I remember when I was a high school senior, trying to pick a topic for my college-application essay. My parents and I mentioned to our closest family friends—two brothers who are 8 and 10 years old than me, respectively—that I was having a hard time choosing a topic. We brainstormed a bit, but nothing clicked. A few days later, the boys knocked on my front door. They busted into the house, clearly really excited about something.
"We did it for you," they said, handing over two neatly printed double-spaced pages.
"I didn't ask you to do that," I said.
"No it's great. This is the best essay ever. We both wrote it and it's amazing. You will get in anywhere you want with this," they said, nearly jumping out of their skin at the idea.
I was dumbfounded.
"I can't use something I didn't write," I said.
The assignment called for a personal statement, so the fact that I had to be the one to write it seemed obvious to me. I was shocked that they saw absolutely no problem with cheating.
"You think that other kids are all writing their own?" they asked.
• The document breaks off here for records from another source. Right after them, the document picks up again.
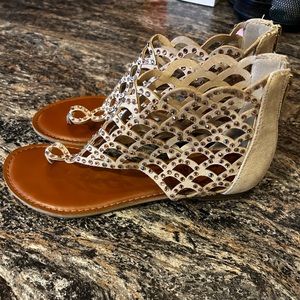 Very comfortable cute Zigisoho sandals. Women’s Size 8. Great condition.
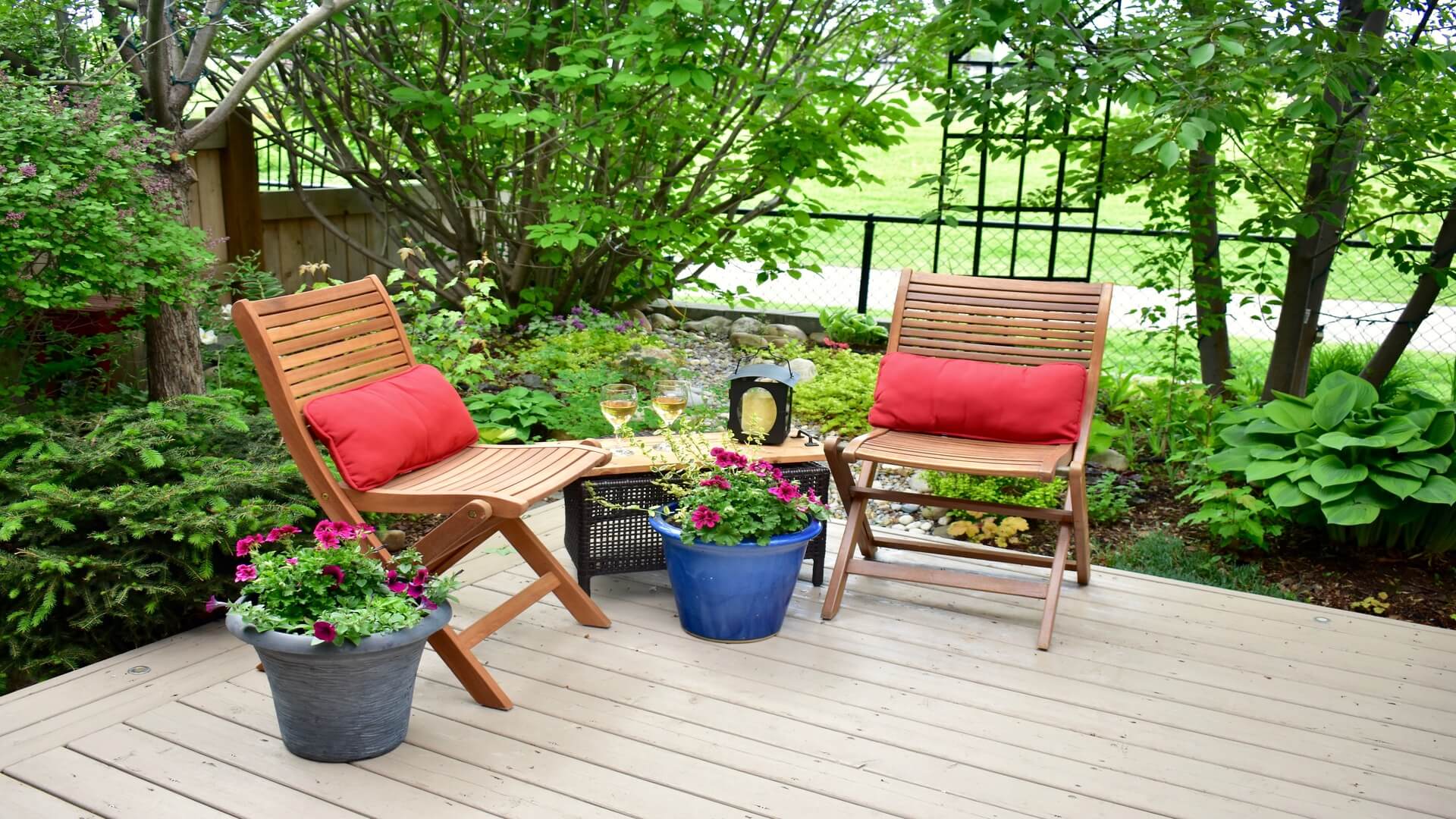How To Decorate Your Backyard To Get A Sanctuary Vibe Build Magazine How To Decorate Your Backyard To Get A Sanctuary Vibe Build Magazine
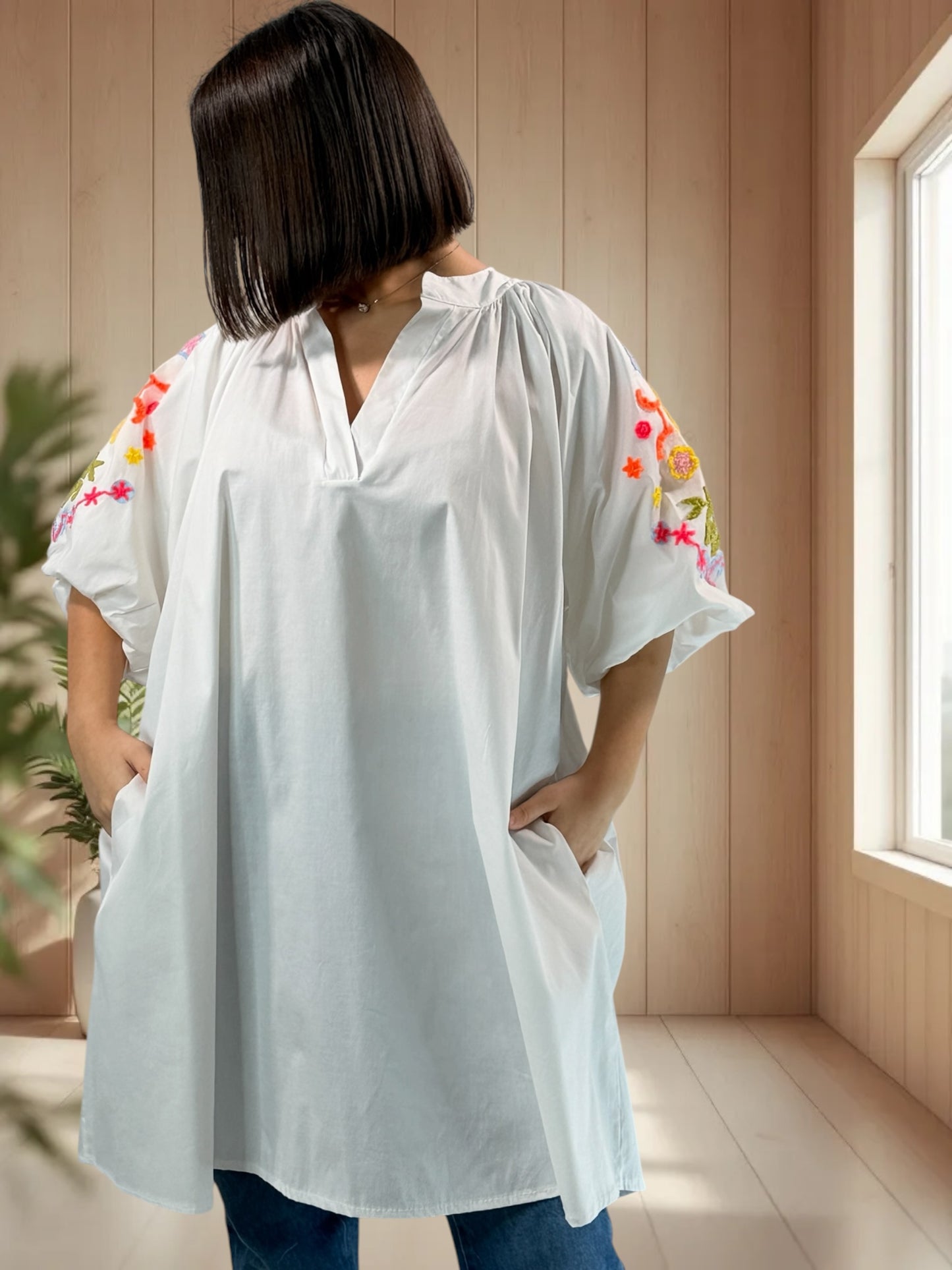 MADO - TUNIQUE BLANCHE OVERSIZE MANCHES BRODEES JUSQU'A LA TAILLE 56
The answer to that question didn't really matter. I was certainly going to write my own. And I did. And I didn't get in to my first-choice school. But I did get in to some great schools and attended one of them. When I walked through the gates to move off to college, I knew that I had earned my spot and that this institution chose me.
I know kids who lied on their resumes to make them seem more well-rounded. I know kids who cheated on tests. I know kids who slogged through AP classes they had less-than-zero interest in because our guidance counselors told us that if we took anything less than six AP classes we would not get into college.
In this hyper-competitive world we are gaining achievement and losing morality. It's not just learning to opt for right instead of wrong. We are not teaching our children how to treat others. Our actions tell kids that ends justify means—no matter how unethical those means are. This type of decision making becomes more deeply ingrained in our culture each day.
I was at a bar mitzvah recently, and while in the ladies' room two tween girls were gabbing away. One girl complained that the boy she liked was "all over" some other girl at the party. "Just tell him she's a slut," her friend replied. "If you tell him that, he won't like her anymore and then you'll be in." This girl was going to lie about the reputation of a peer so that she could get ahead. The choice would be cruel, let alone dishonest and unfair, but this young girl learned to think that way via cultural norms.
The deeper issue is that our children cannot learn to operate on principles like honesty, fairness, and altruism if adults operate on the principle of always looking out for number one.
I'm not saying we shouldn't protect our children. I'm not saying we shouldn't give them the best opportunities we can. I'm not saying that parents should not help their struggling student with homework. I am saying that parents must be conscious of their behavior and the message it's sending. Consider the long-term consequences.
We need to focus not only on rearing achievers, but also on raising good people.